26 de Março de 2026, 21:27

A segurança da Mega-Sena é um pilar fundamental para garantir a credibilidade das loterias no Brasil, utilizando protocolos rigorosos de fiscalização. Desde a pesagem milimétrica das dezenas até o uso de globos eletrônicos modernos, cada etapa é monitorada para evitar manipulações. Entender esse processo tecnológico ajuda a compreender como a transparência é mantida em cada concurso da Caixa.

Como funciona a segurança da Mega-Sena nos bastidores?

Para assegurar a total idoneidade, o processo de sorteio começa muito antes do giro do globo, conforme detalhado em um relatório oficial da Caixa Notícias. O protocolo envolve a conferência técnica de todos os equipamentos por auditores independentes e representantes populares presentes no local do evento.

A transparência é a palavra de ordem, com câmeras de alta definição registrando cada movimento das maletas lacradas que contêm as bolinhas numeradas. Todo esse ecossistema foi desenhado para que o fator sorte seja o único determinante do resultado final, eliminando variáveis humanas.

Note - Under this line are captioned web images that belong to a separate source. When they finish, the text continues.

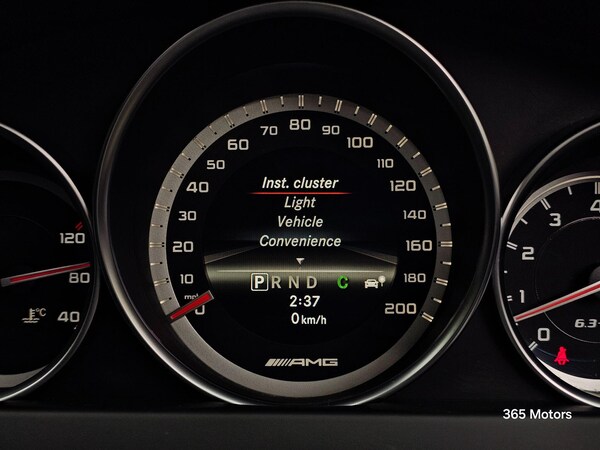 Used Mercedes-Benz C-Class for sale - 76151605: Photo 72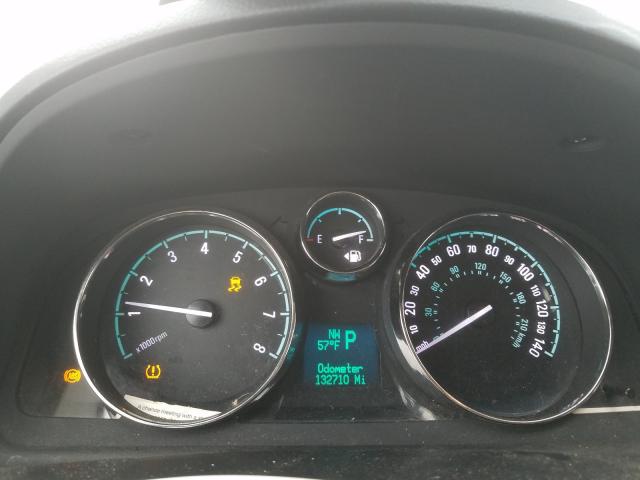 2012 CHEVROLET CAPTIVA SP 3GNAL3E50CS601382
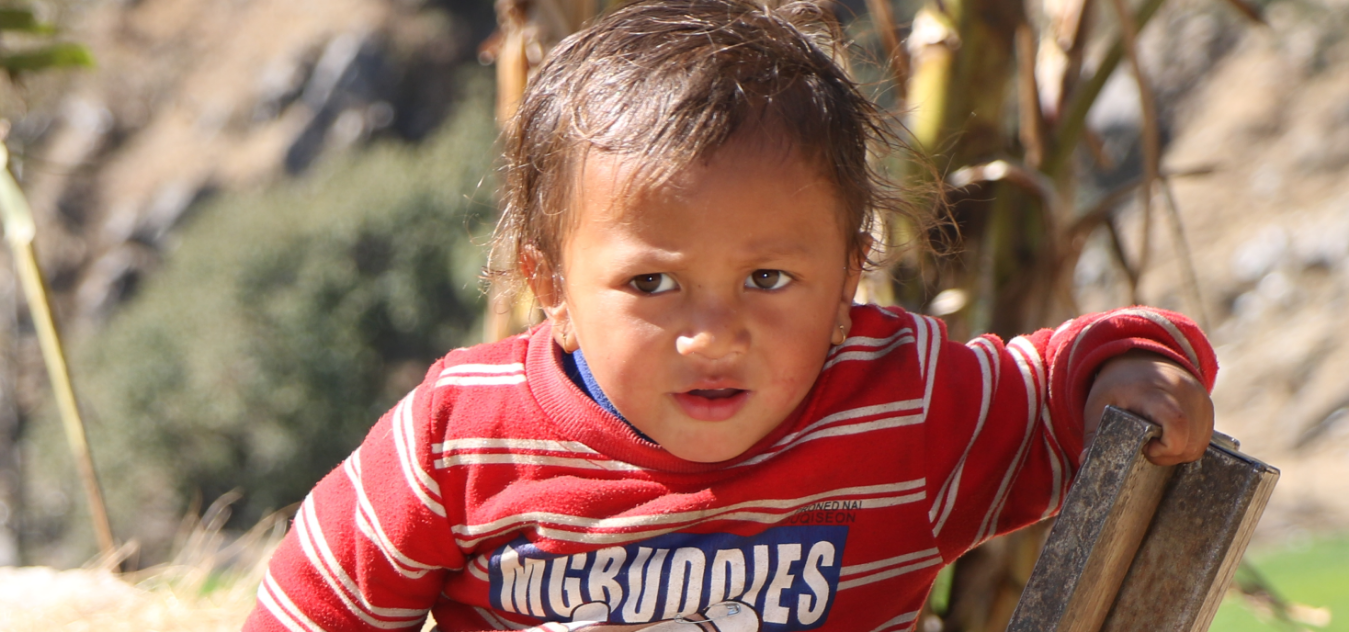 Child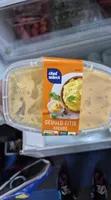 Gevuld Eitje Salade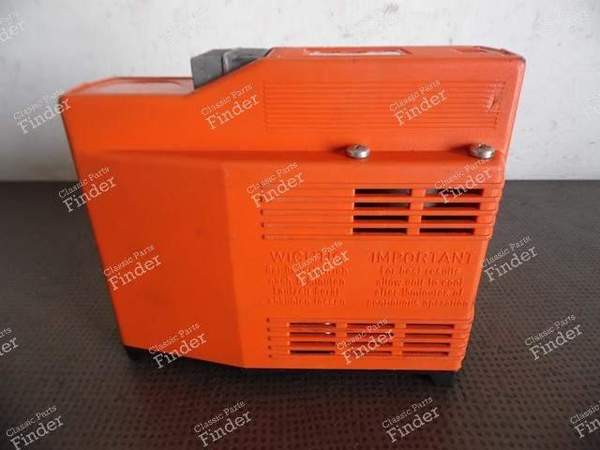 BDW ELECTRIC COMPRESSOR - PORSCHE 911 / 912 (901) - 91165205200- 6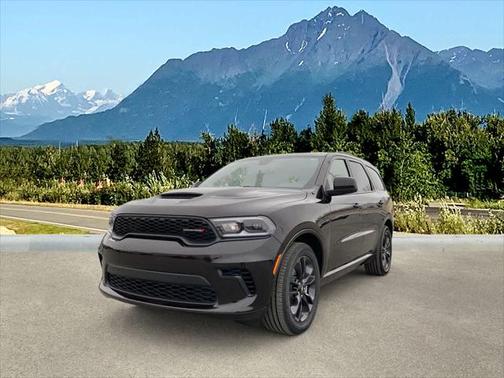 2025 Dodge Durango R/T AWD
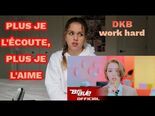 Vidéo de Mathilde MoussuLussier sur Work Hard par DKB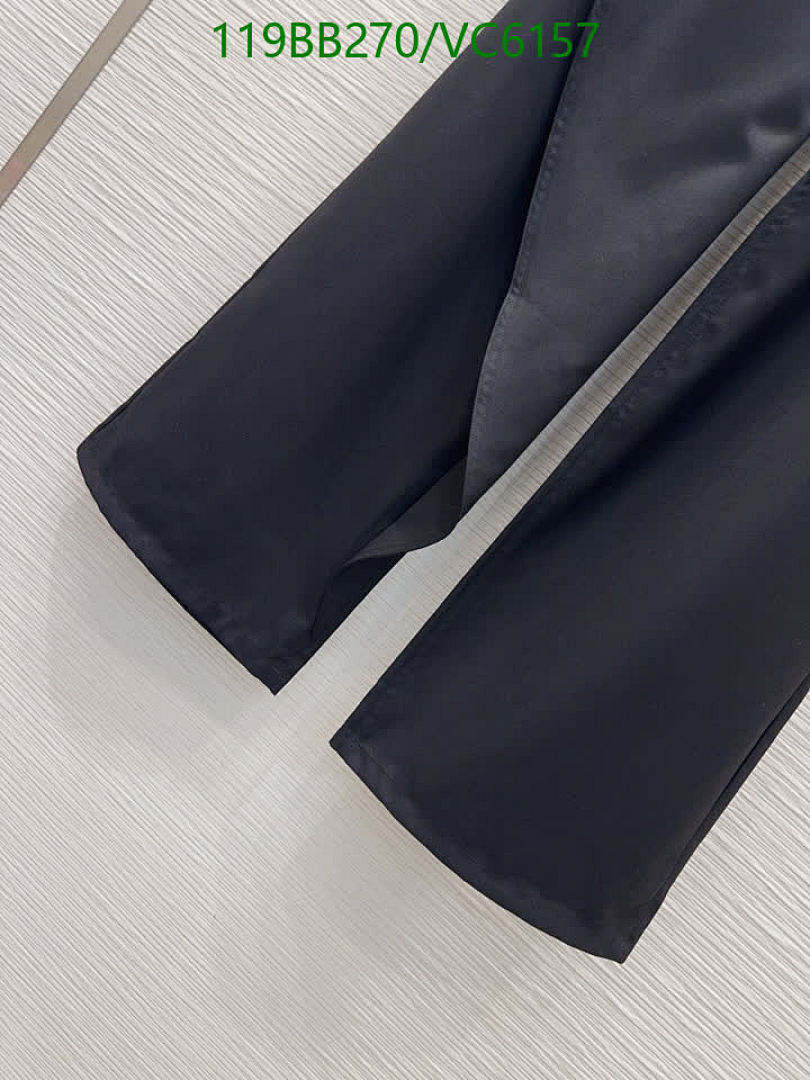 Dior-Clothing Code: VC6157 $: 119USD
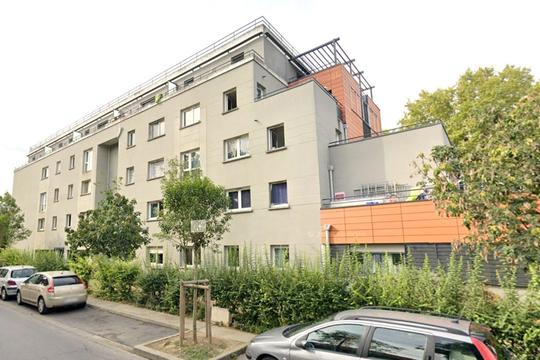 Logely Residis Alfortville - ALFORTVILLE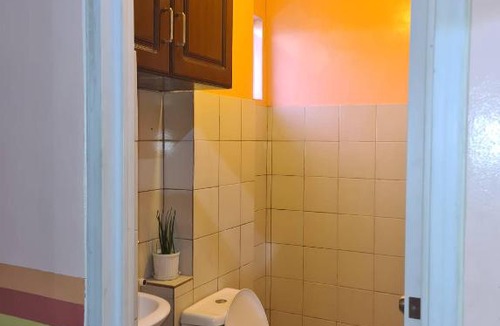Taytay Apartment | Affordable Transient along Ortigas Ext near Cainta/Pasig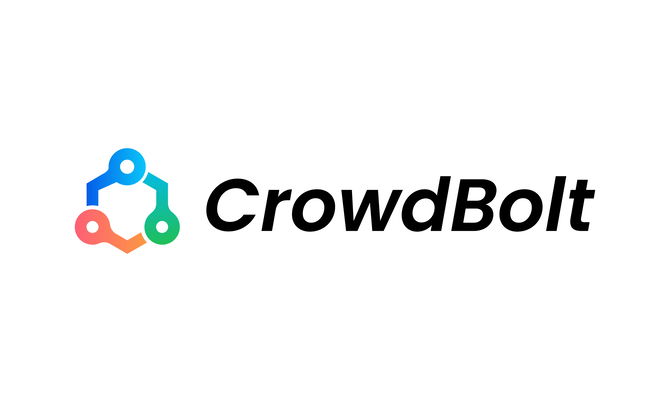 CrowdBolt.com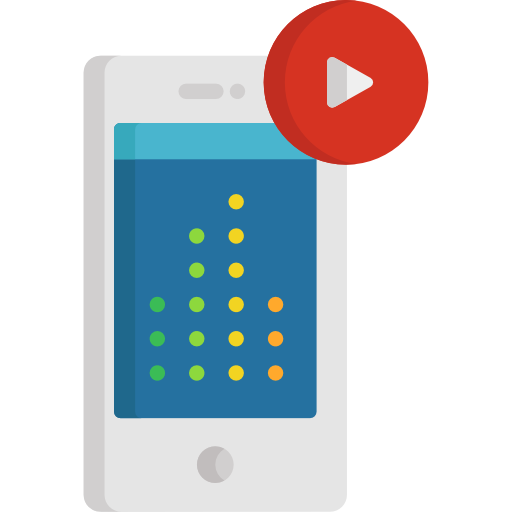 telefon kostenlos Icon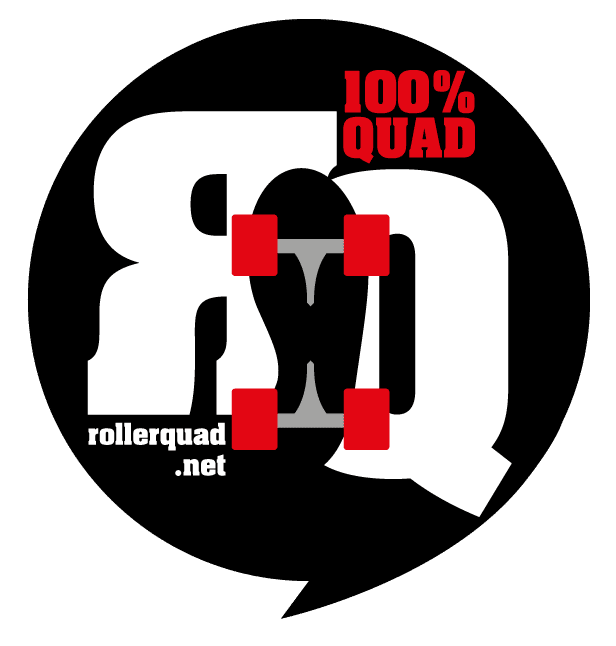 Logo Rollerquad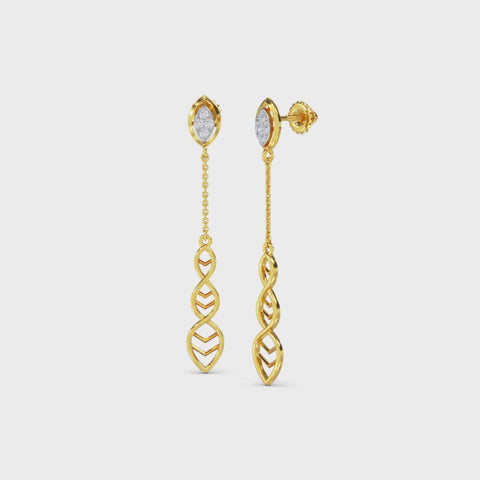 GEMA EARRING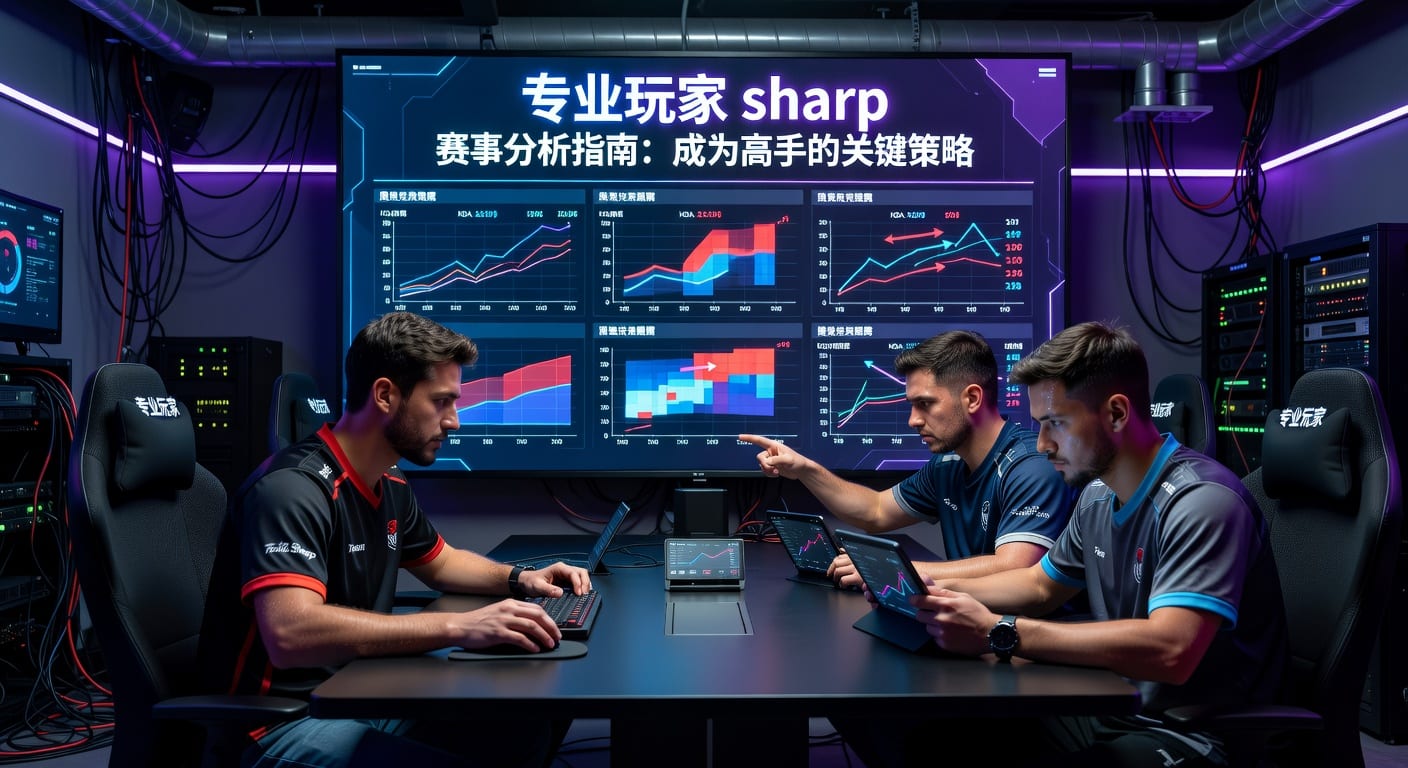 凤凰体育APP：专业玩家 Sharp 的精准洞察与策略 (2026世界杯)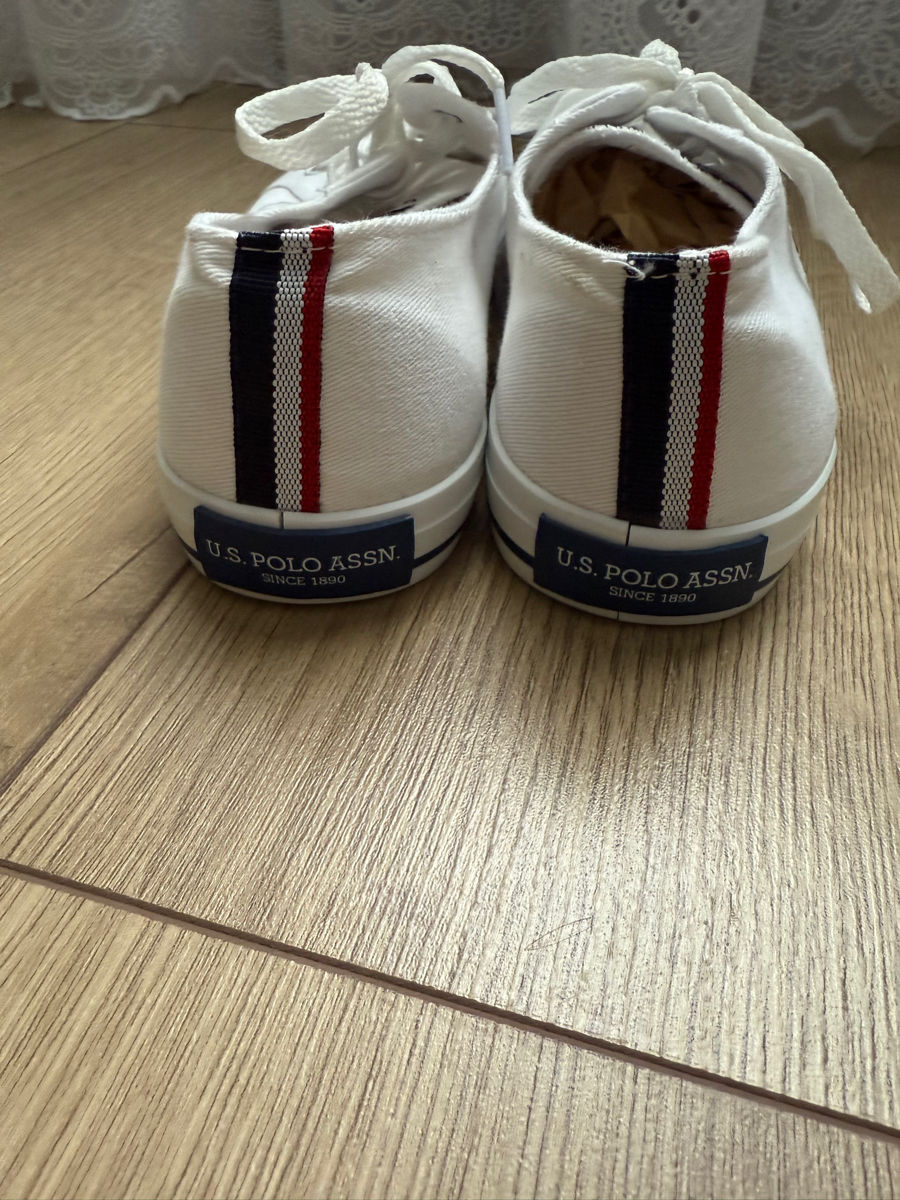 Ghete pt dame Ralph Lauren  foto 3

🔍 Auditoria Popular: Cidadãos comuns validam a abertura das maletas e conferem os lacres de segurança presencialmente.

⚖️ Pesagem das Bolinhas: As dezenas são pesadas em balanças analíticas para garantir que possuam massa e densidade idênticas.

🎰 Acionamento Eletrônico: Os globos são ativados por comandos eletrônicos seguros, garantindo a captura aleatória das bolas.

Quais são os equipamentos de alta precisão utilizados?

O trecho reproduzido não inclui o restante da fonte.